## Task details
Lines from the one containing "Tudor vintage cushion" through the end of the material are to be retyped exactly; do not copy pictures.

## Recorded data
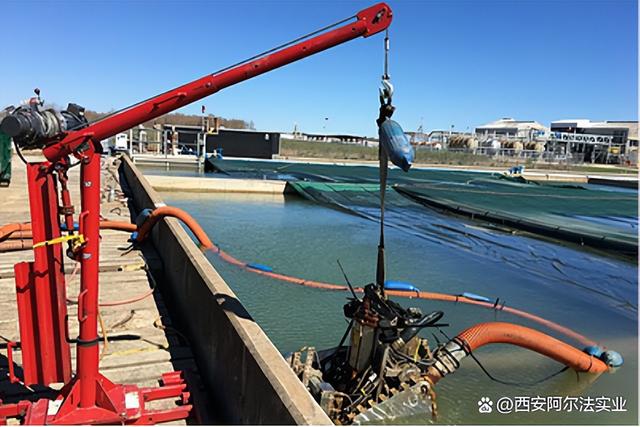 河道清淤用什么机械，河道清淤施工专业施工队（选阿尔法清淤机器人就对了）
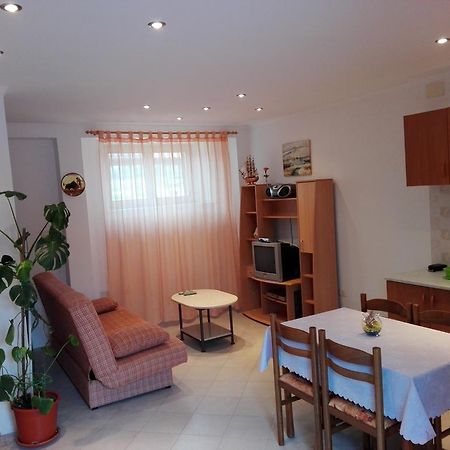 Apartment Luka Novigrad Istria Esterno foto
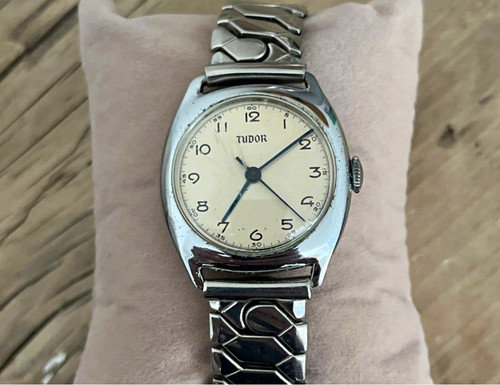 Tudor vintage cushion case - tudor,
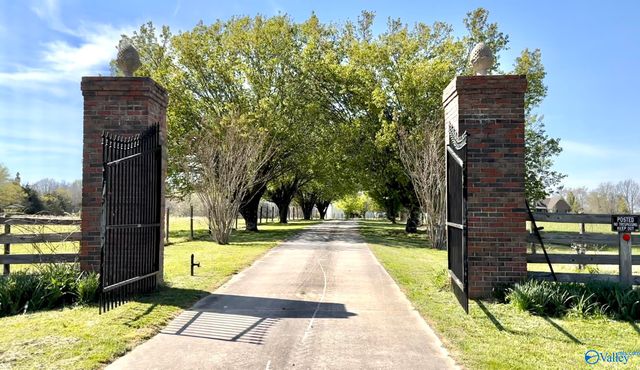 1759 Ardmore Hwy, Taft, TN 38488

## Written reply
 Tudor vintage cushion case - tudor,
 1759 Ardmore Hwy, Taft, TN 38488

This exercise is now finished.